Hello – I’m trying to better understand the new baselining feature that was described in this blog post:https://www.dynatrace.com/news/blog/dynatrace-innovates-again-with-the-release-of-topology-driven-au...

I was very excited when I saw this, however I’m having difficulty understanding the details now that I’m looking at it in the tool. Some questions:

Are the thresholds being adjusted automatically on a daily basis? Hourly? By this I mean the duration for which a specific threshold would be constant
Why do the baseline lines in the preview appear at different levels on the 12 hour, 1 day, and 7 day tab?
What is the real way to understand the aggregation – for instance if I have 5 containers and I’m monitoring CPU% across them with aggregation set to “average” what is really happening? Is the threshold set so that if one container breaches the average CPU% of the 5 containers it triggers a Problem?
It seems like the baseline shown in the preview is not the same as the baseline indicated in Problems that are triggered from the alert – is there a reason this would be the case?

Thanks for any info.

wolfgang_beer · ‎07 Aug 2020

Hi Emily,

I think some of your questions are answered in my help page here:

https://www.dynatrace.com/support/help/how-to-use-dynatrace/problem-detection-and-analysis/problem-d...

In detail:

- Auto-adaptive baselines are updated once a day.

- No, appears on the same level, as it shows the current state of the baseline using last 7 days of historic data to calculate the baseline. So it is a moment snapshot of the calculated baseline.

- In current state we do not aggregate over entities. The baseline is calculated once a day for every entity that is within the entity filter.

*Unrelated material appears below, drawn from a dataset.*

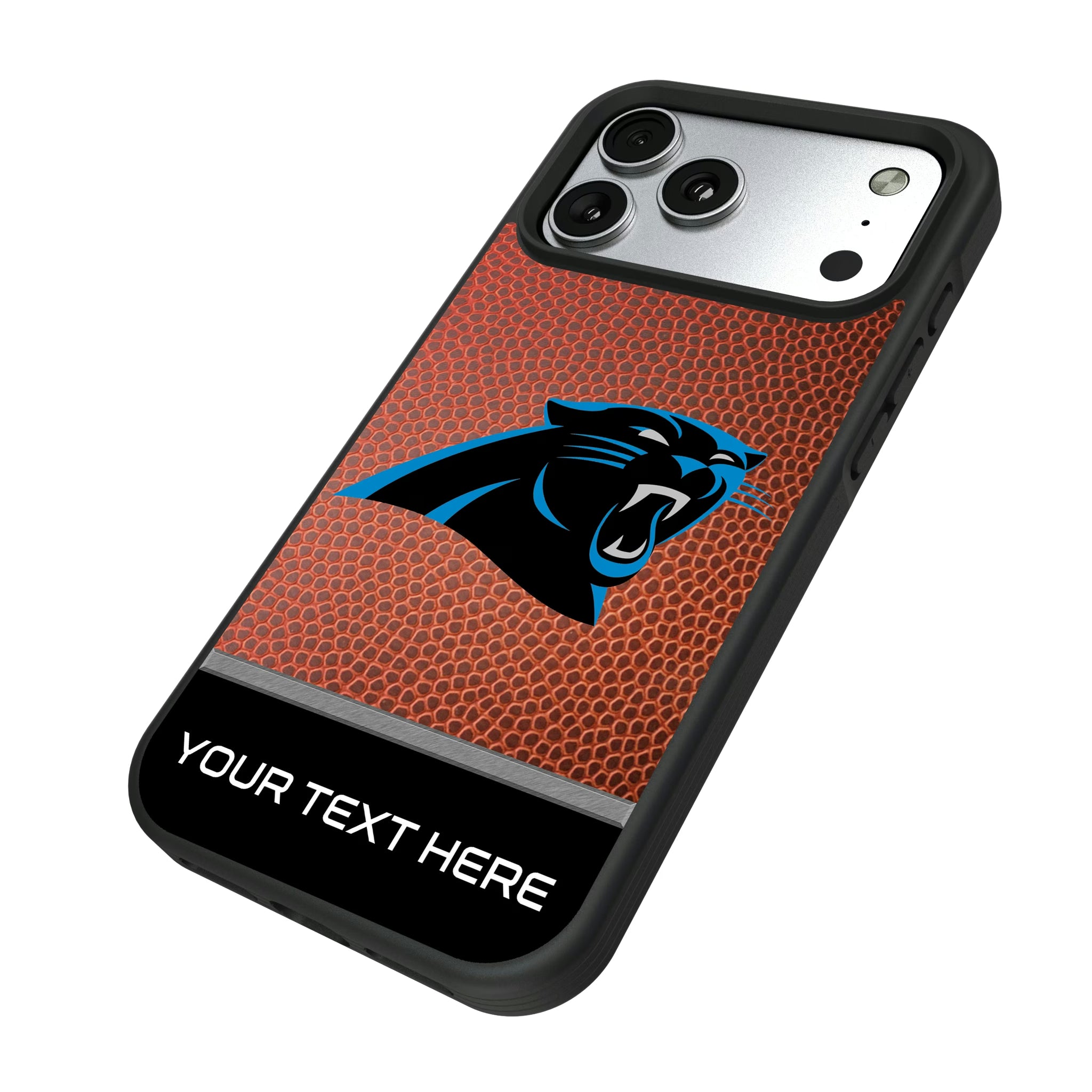 Carolina Panthers Personalized Football iPhone Bump Phone Case for Apple iPhone - Isometric View#Device_iPhone 17 Pro Max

So if you select CPU usage metric for 5 hosts, you get 5 baselines updated every day and possibly 5 alerts if baseline is breached.

Our plan is to introduce baselines on aggregates with end of this year as well, so that you have both options.

- Yes the alert always uses the last updated baseline value for each entity. So again, for 5 hosts you get 5 baselines, one for each host depending on the metric level. You can easily check that by creating a baseline for one host or one service alone, which should be exactly the value shown in the config screen.

Best greetings,

Wolfgang

emily · ‎10 Aug 2020

Hi Wolfgang,

Thank you for your response!

Can you please confirm my new understanding:

- "Auto-adaptive baselines are updated once a day." So this means the baseline is at a single value (e.g. 1ms) for 24 hours and then could shift to a new value (e.g. 9ms) for the following 24 hours based on subsequent data? Also when during the day does this change happen? (e.g. Midnight)

- "In current state we do not aggregate over entities." So the current selection for the aggregation picklist has no impact in the current release?

Thanks Again!

Emily

wolfgang_beer · ‎10 Aug 2020

- Yes exactly, this current model adapts once a day, based on 7 days of historic data.

- The current selection of aggregate refers to the 'subminute' aggregate that is used per single line. As e.g.: host cpu metric is collected 6 times a minute for each host, with this selection you can control which line you would like to baseline, the line of the avg of those 6 measurements per minute, the max, min, or count (makes not much sense here).

emily · ‎10 Aug 2020

Hi Wolfgang,

One last question, promise!

Does the same apply to those baselines that were before, like errors, load and response time? Are those also adjusted once every 24hrs?

Thanks again!

Emily

wolfgang_beer · ‎11 Aug 2020

No problem at all, happy to answer all your questions.

Yes same applies to all built in service and application baselines that already were in place.

DanteP · ‎05 Sep 2020

Hi @Wolfgang B.

Just a quick question. Does this new baseline work OOTB for infrastructure metrics? Or a Custom Alert is required? Does, for example, CPU "Automatic" Anomaly is still hardcoded at 95% ? or will now work with a baseline? Is the same with all others Resource events?

Thanks!

wolfgang_beer · ‎07 Sep 2020

Existing settings are unchanged. By the way, CPU as well as Memory are saturation events, I would not set those to baselining, as it would not deliver the same semantics. For a CPU it might be a bit harsh to alert if a learned baseline of 30% is breached with e.g.: 35%. Here i would really leave the threshold based alerting in place.